--- START ---
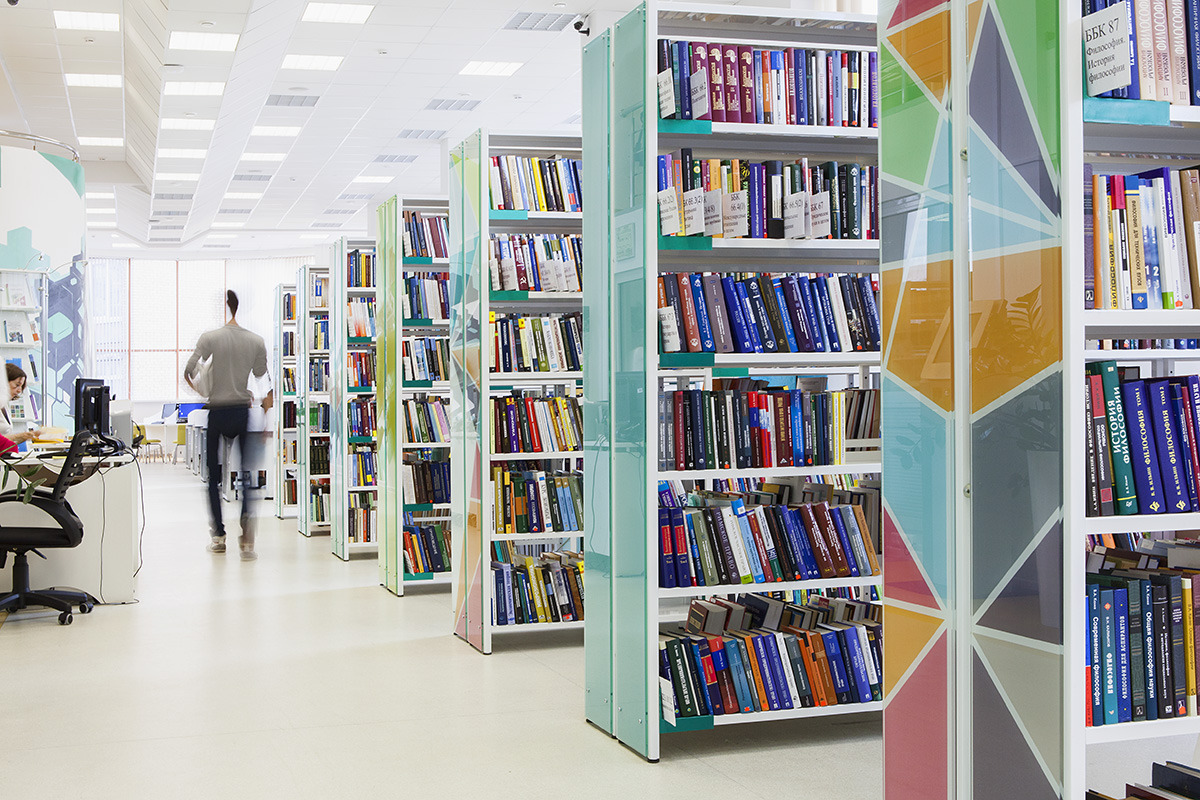 彩色科技油气场 · 州立石油天然气大学图书馆-16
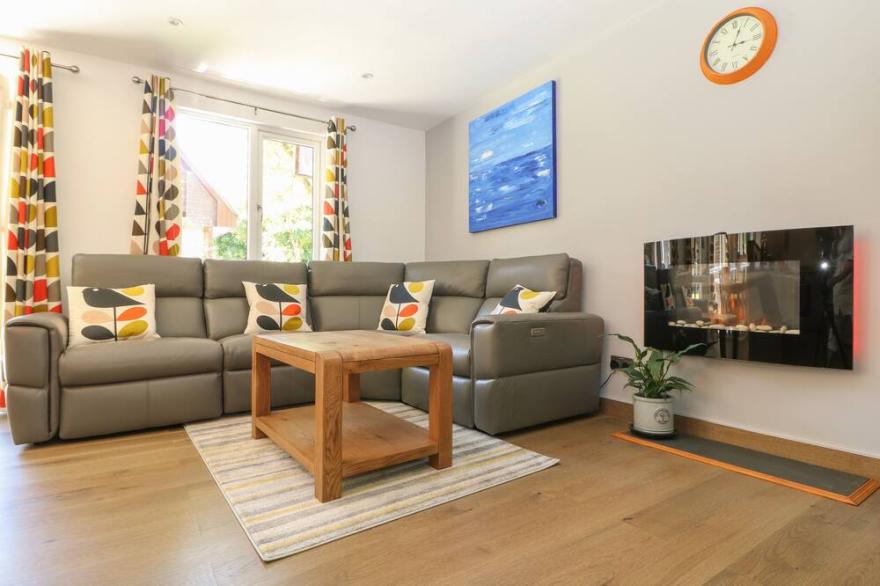 32 TREVITHICK, family friendly, with a garden in Hayle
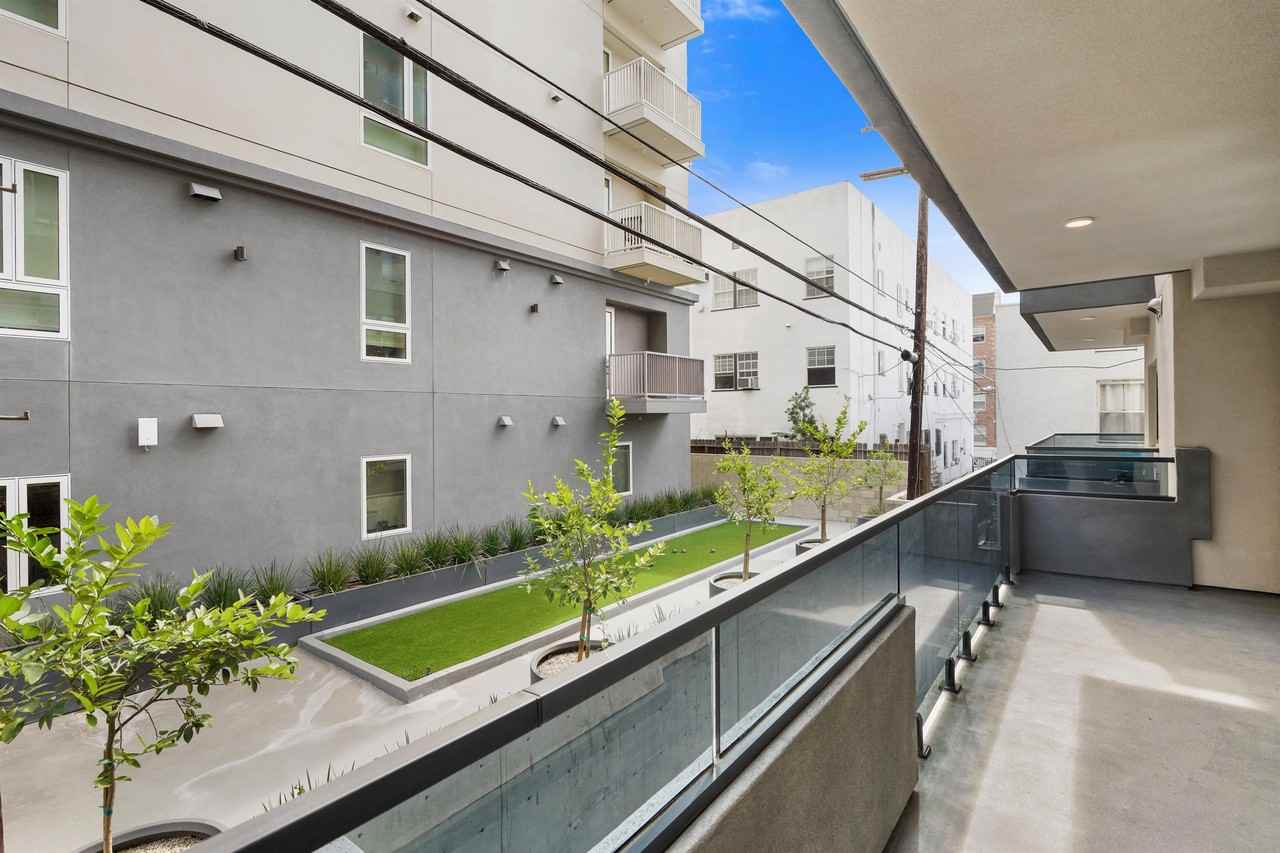 846 South Mariposa Avenue - Photo 7 of 22
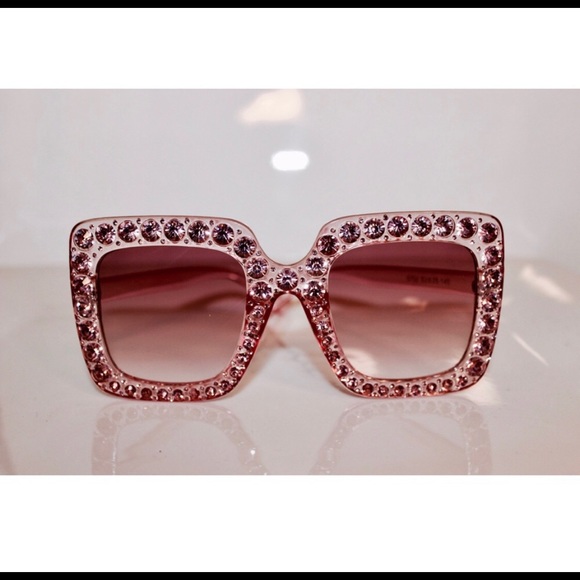 Accessories - Pink sunglasses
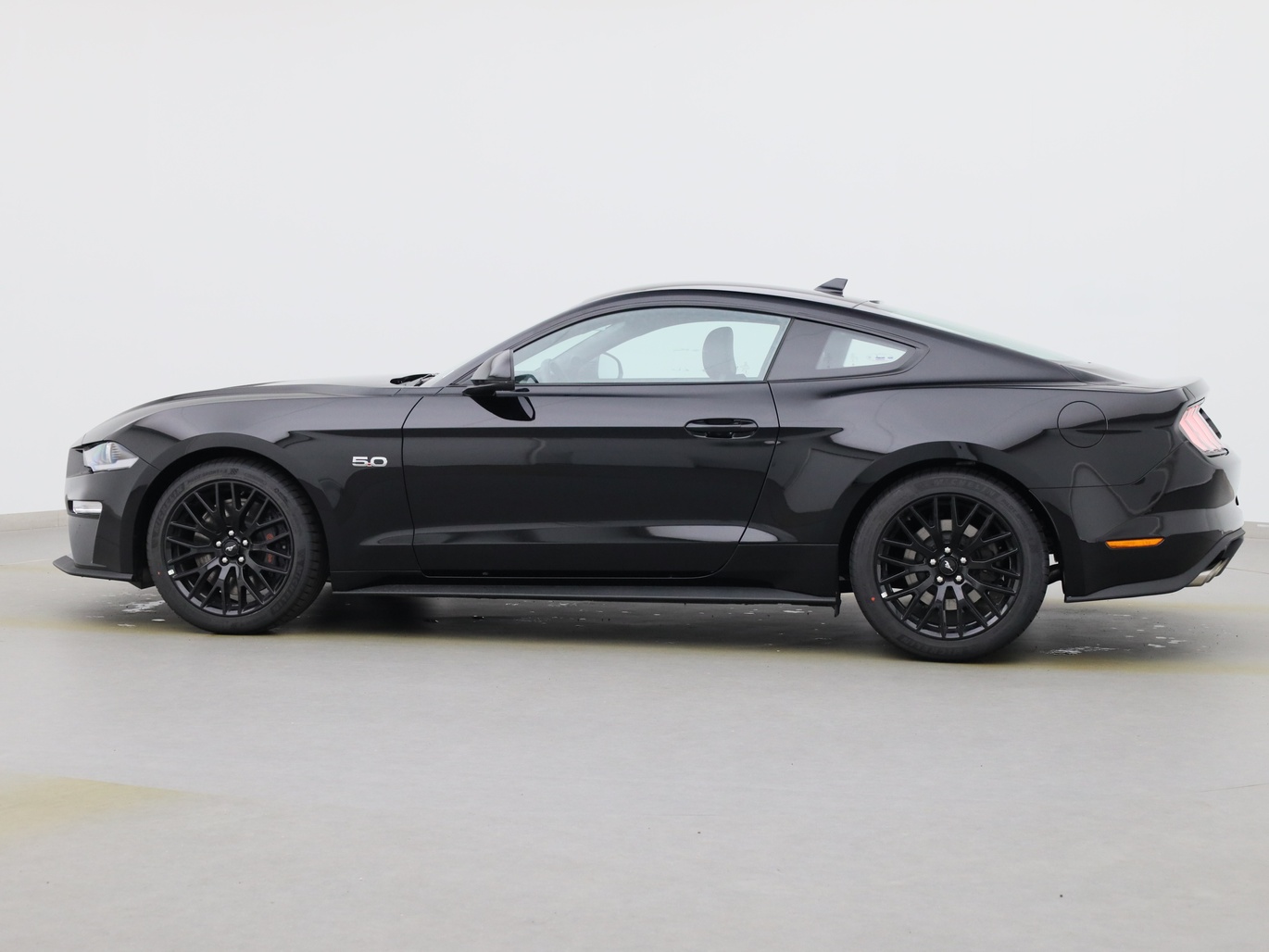  Ford Mustang GT Coupé V8 450PS / Premium 2 / B&O in Iridium Schwarz von Links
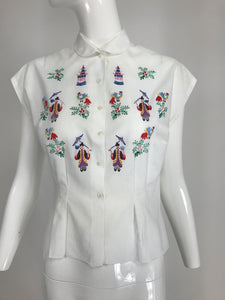 Vintage Hand Embroidered Linen Asian Theme Novelty Blouse 1950s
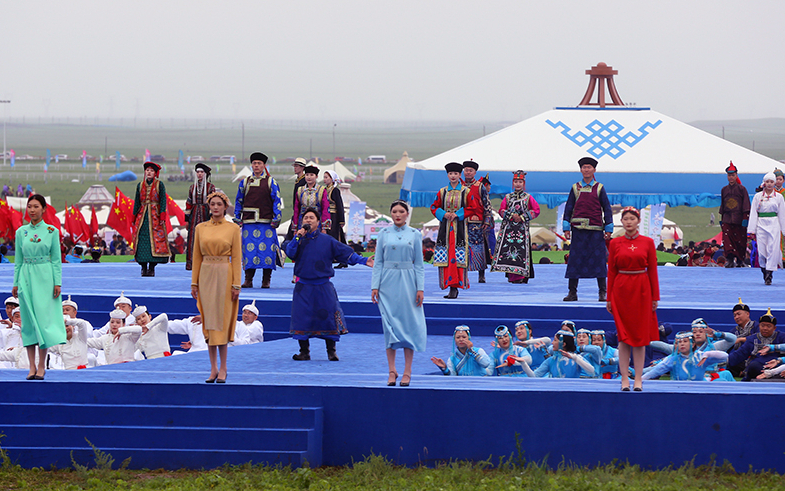 西里尔蒙古文客户端聚焦内蒙古草原那达慕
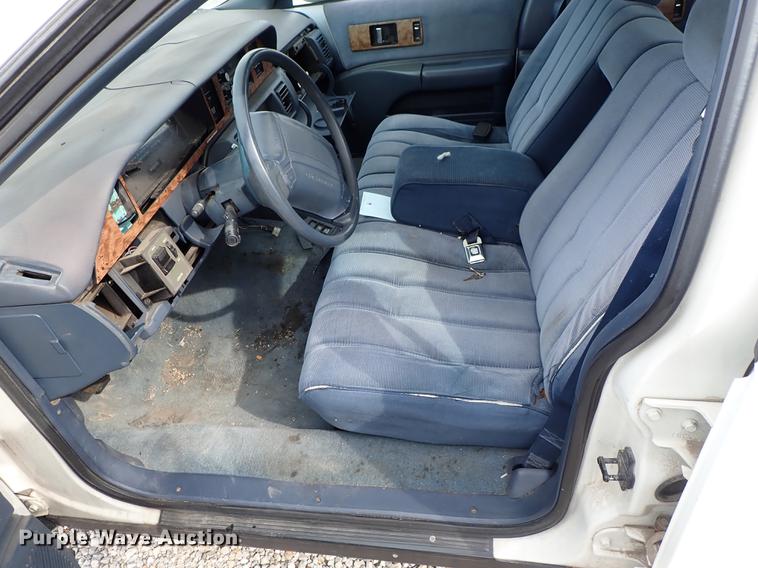 image for item DF8874 1993 Chevrolet Caprice Wagon Classic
--- END ---
AIM OF THE EXERCISE: Leaving out all pictures, retype exactly the lines that run from the one containing "Ford Mustang GT" through the last line of the material.

EXERCISE OUTPUT:
  Ford Mustang GT Coupé V8 450PS / Premium 2 / B&O in Iridium Schwarz von Links
 Vintage Hand Embroidered Linen Asian Theme Novelty Blouse 1950s
 西里尔蒙古文客户端聚焦内蒙古草原那达慕
 image for item DF8874 1993 Chevrolet Caprice Wagon Classic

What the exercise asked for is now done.